__Action item__
Look through the data below and output, unchanged, every line from the one holding "Cat in Video" through the one holding "100 Redfoot Run", inclusive. Skip the pictures.

Scraped caption text data
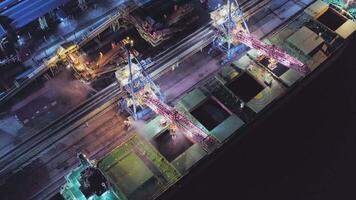 AERIAL Closed loading of coal on a large cargo ship at a modern coal terminal video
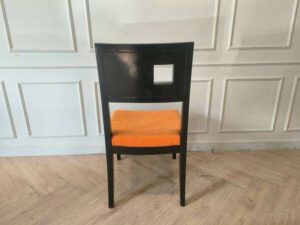 Wooden chair with orange fabric cushion, beautiful design with a hole in the backrest.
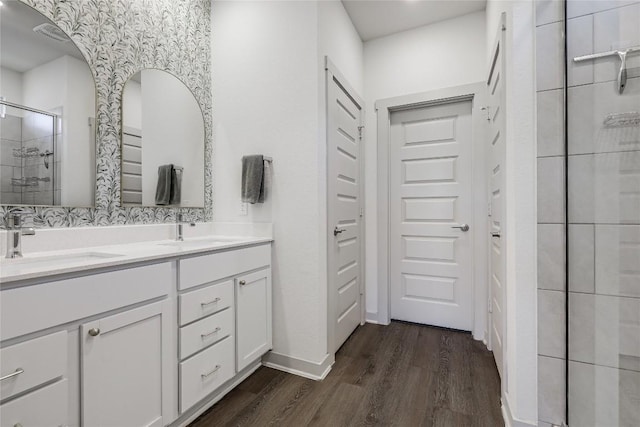 bathroom featuring double vanity, a shower stall, a sink, and wood finished floors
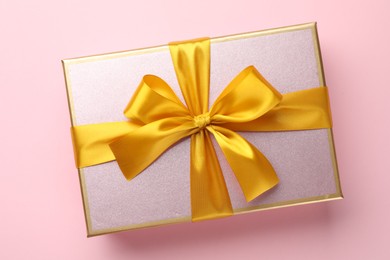 Photo of Beautiful gift box with bow on pink background, top view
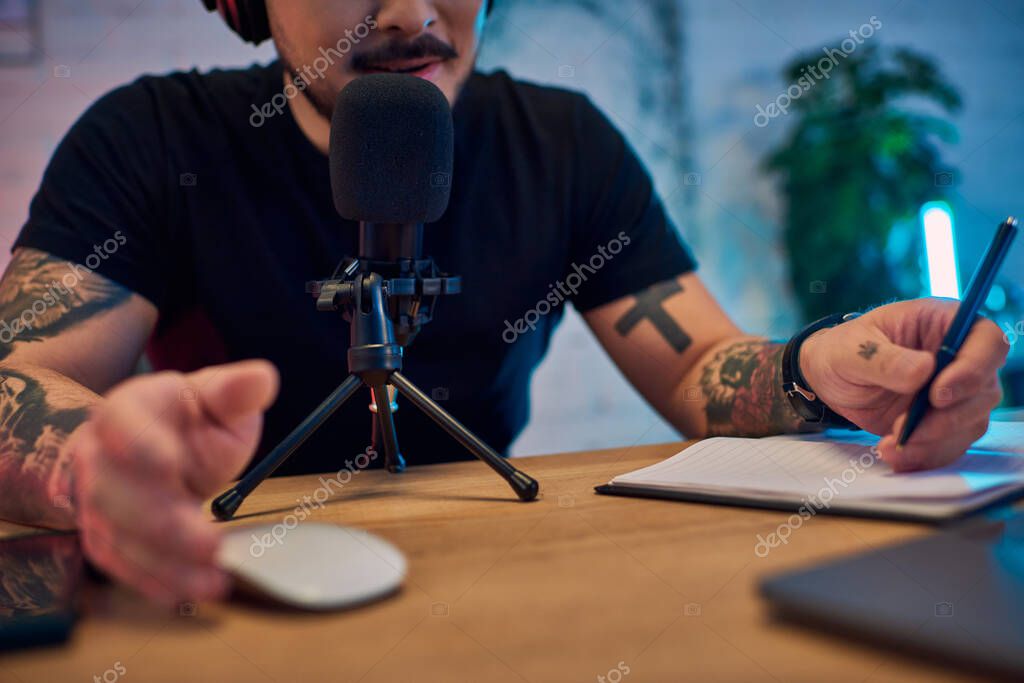 Podcast host speaking into a microphone in a recording setup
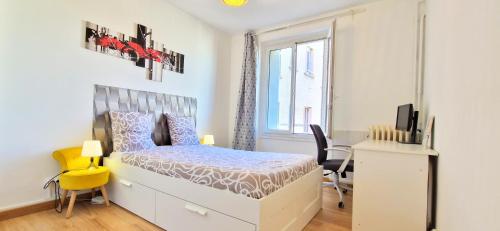1 dormitorio con 1 cama y escritorio con silla amarilla en Superbe appartement proche de toutes commodités., en Clermont-Ferrand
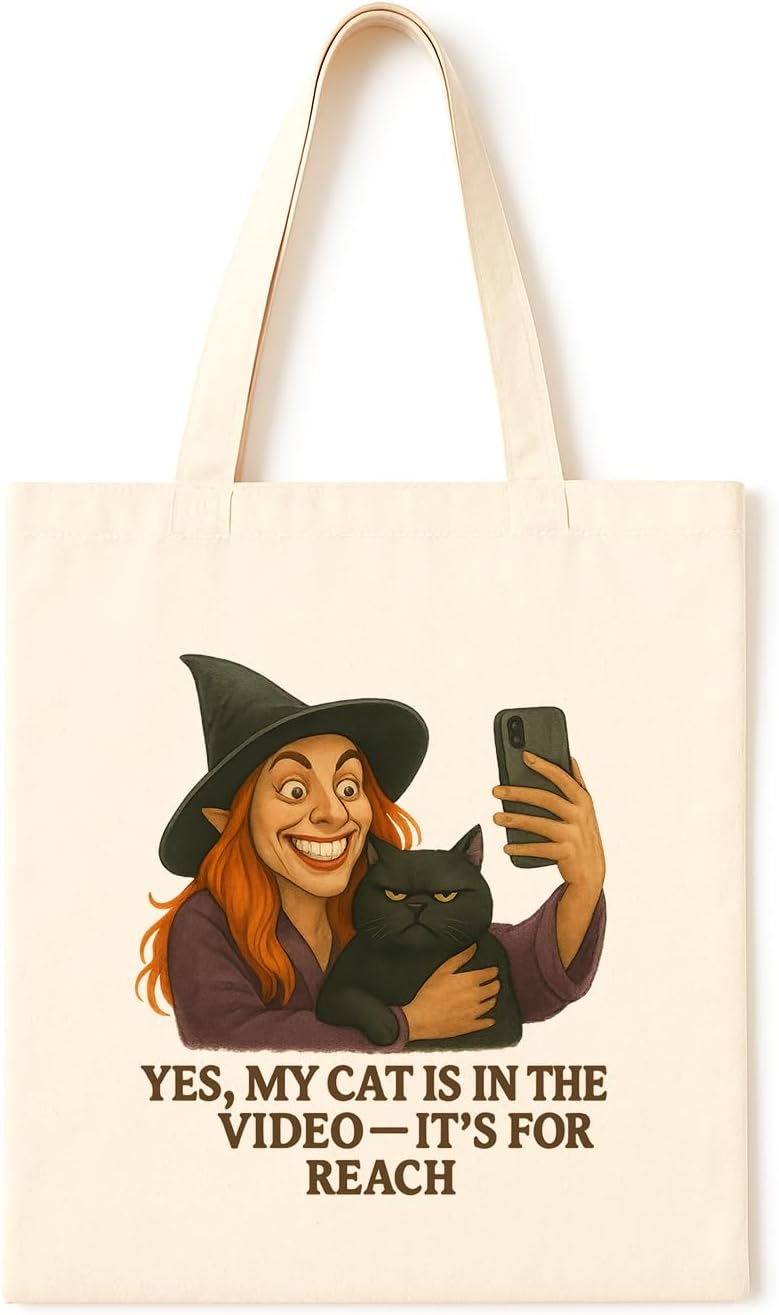 Cat in Video Witch Tote ~ Grinning witch hugging grumpy black cat for views, funny tote for pet-loving content creators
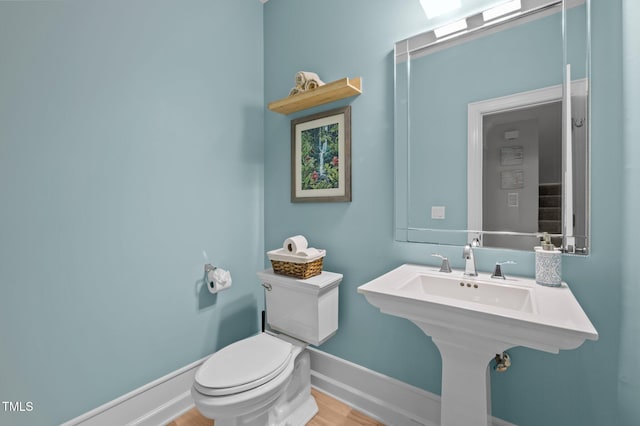 100 Redfoot Run Rd, Chapel Hill, NC 27516 - bathroom with toilet and wood finished floors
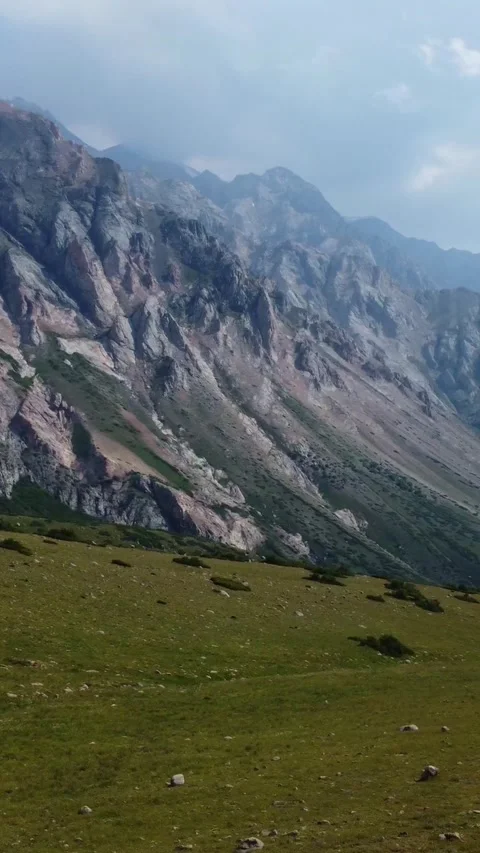 High angle view of an empty green alpine meadow below majestic steep cliffs Stock Footage 336693284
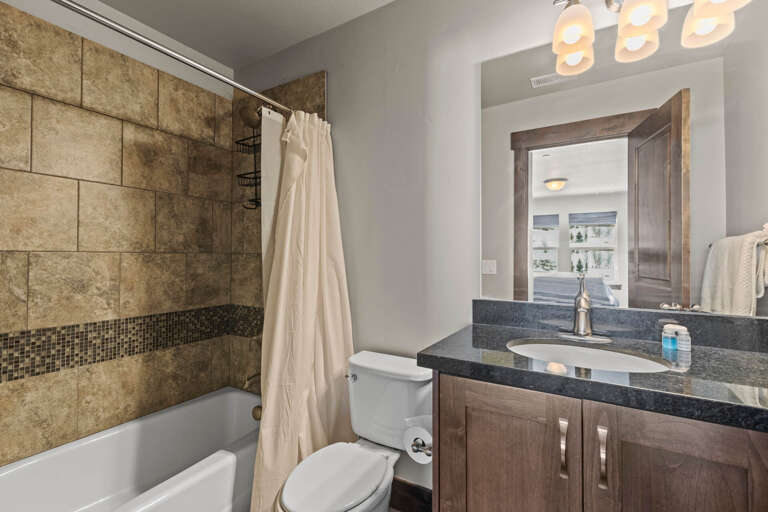 Your beautifully appointed bathroom features elegant tile work, a spacious vanity with modern fixtures, and a relaxing tub-shower combo—perfect for unwinding after a day of adventure.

__Solved problem__
 Cat in Video Witch Tote ~ Grinning witch hugging grumpy black cat for views, funny tote for pet-loving content creators
 100 Redfoot Run Rd, Chapel Hill, NC 27516 - bathroom with toilet and wood finished floors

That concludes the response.